**Given information**

□ □ □ □ □

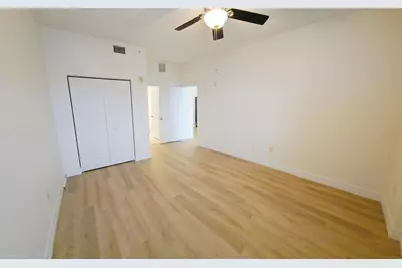 1064 N Tamiami Trail #1435, Sarasota, FL 34236 - Photo 9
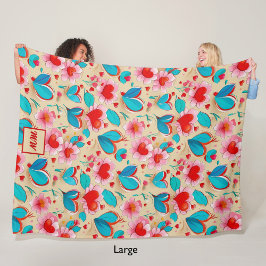 Coquette-hjärtan och blomkrämmonogram fleecefilt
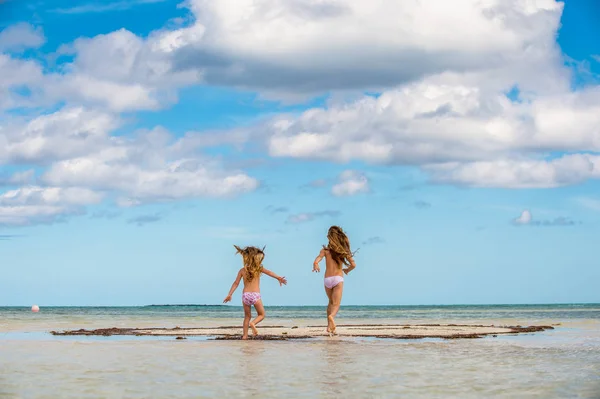 Cute Little Girls Running Sandy Beach Sunny Day Cuba Caya — Stock Photo, Image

□ □ □ □ □

**Activity**
From the line containing "Coquette-hjärtan och blomkrämmonogram" to the end of the listing, restate each line word for word and nothing more; the pictures stay out.

**Your solution**
 Coquette-hjärtan och blomkrämmonogram fleecefilt
 Cute Little Girls Running Sandy Beach Sunny Day Cuba Caya — Stock Photo, Image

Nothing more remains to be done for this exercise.